Erfrischend waren deshalb angesichts der altbekannten Argumente die Wortmeldungen des neben Biller weiteren Opfers des Herbstes der verbotenen Bücher vor nunmehr dreieinhalb Jahren, Alban Nikolai Herbst, Autor von „Meere“. Er vertrat die Auffassung, dass dann, wenn ein Autor eine bestimmte Sicht der Dinge einfach niederschreiben müsse und er dabei Grenzen verletze, er gefälligst dazu stehen und nicht hinterher jammern solle.

Aus Sicht der Verlage wirklich interessant aber war der Vortrag des kaufmännischen Leiters des Rowohlt Verlages Eckhard Kloos, der ausführte, wie stark die Vermeidung von Gerichtsverfahren weniger um Romane als vor allem um Sachbücher mittlerweile den Verlagsalltag prägt. Am Beispiel der jüngst verbotenen Biographie von Joachim Fest „Ich nicht“ schilderte er, wie das überraschende Verbot eines sorgsam lektorierten Sachbuchs mitten im so wichtigen Weihnachtsgeschäft einen Verlag treffen kann, welche Sofortmaßnahmen eingeleitet werden müssen und wie teuer das einen Verlag mittlerweile kommt.
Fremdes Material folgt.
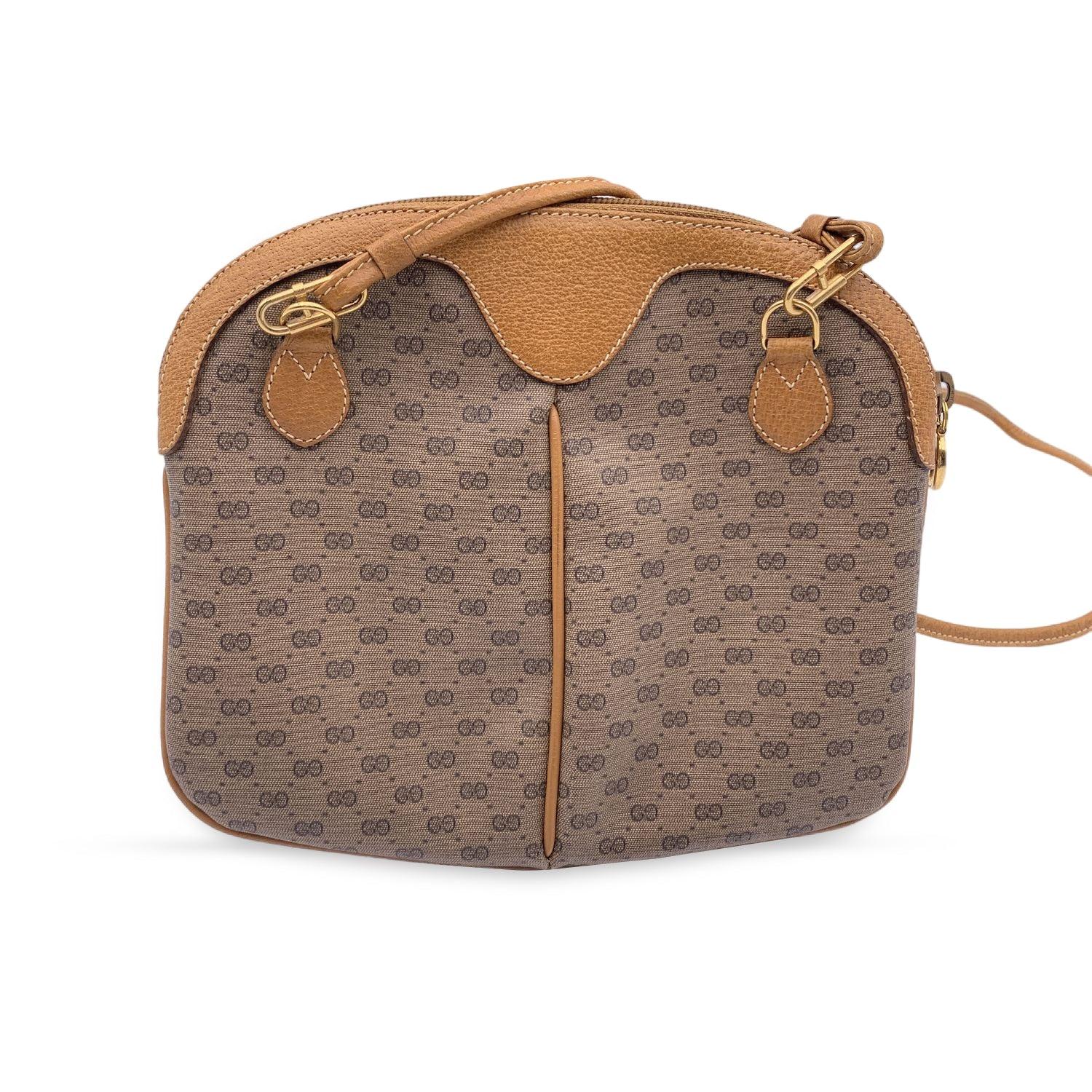Gucci Vintage Beige Monogram Canvas Small Crossbody Bags In Good Condition In Rome, Rome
Denn Adressaten von Anwaltsschreiben sind längst nicht mehr nur die Verlage sondern alle wesentlichen Vertriebspartner, die dann ihnen von den Abmahnenden auferlegte Anwaltskosten wiederum dem Verlag in Rechnung stellen.

Rainer Dresen arbeitet als Rechtsanwalt und Verlagsjustitiar in München auf dem Gebiet des Urheber- und Medienrechts. Mail: Dresen-Kolumne@freenet.de

BuchMarkt bietet während der Leipziger Buchmesse Verlagsmitarbeitern die Gelegenheit, in einem Seminar zum Thema „Vermeidung von Bücherverboten“ das nötige Grundlagenwissen zu erwerben, um Rechtsstreitigkeiten um Romane und Sachbücher schon im Vorfeld zu vermeiden.

Teil des Seminars wird eine Einführung in die rechtliche Situation sein, nämlich Herleitung und Ausprägung sowie Umfang und Dauer des Persönlichkeitsrechtsschutzes. Begleitet werden diese theoretischen Ausführungen durch Schilderungen aktueller Praxisfälle sowie konkreter Tips anhand tatsächlicher Manuskripte. Teilnehmer lernen so, Risiken zu erkennen und erfahren, wie man durch unkomplizierte Umarbeitungen aus risikobehafteten Passagen rechtssichere Inhalte machen kann.

Bisher führen viele Verlage entweder mangels Basiswissen schon gar kein juristisches Lektorat durch oder aber geben dieses in die Hände teurer externer Anwälte. Nach dem Besuch dieses Seminars wissen Verlage, wo die Stolpersteine eines Textes liegen können. Sie können diese dann entweder selbst beiseite räumen oder aber gezielt externe Anwälte darauf hinweisen und so durch zumindest punktuelle Rechtsberatung Risiken und Kosten vermeiden.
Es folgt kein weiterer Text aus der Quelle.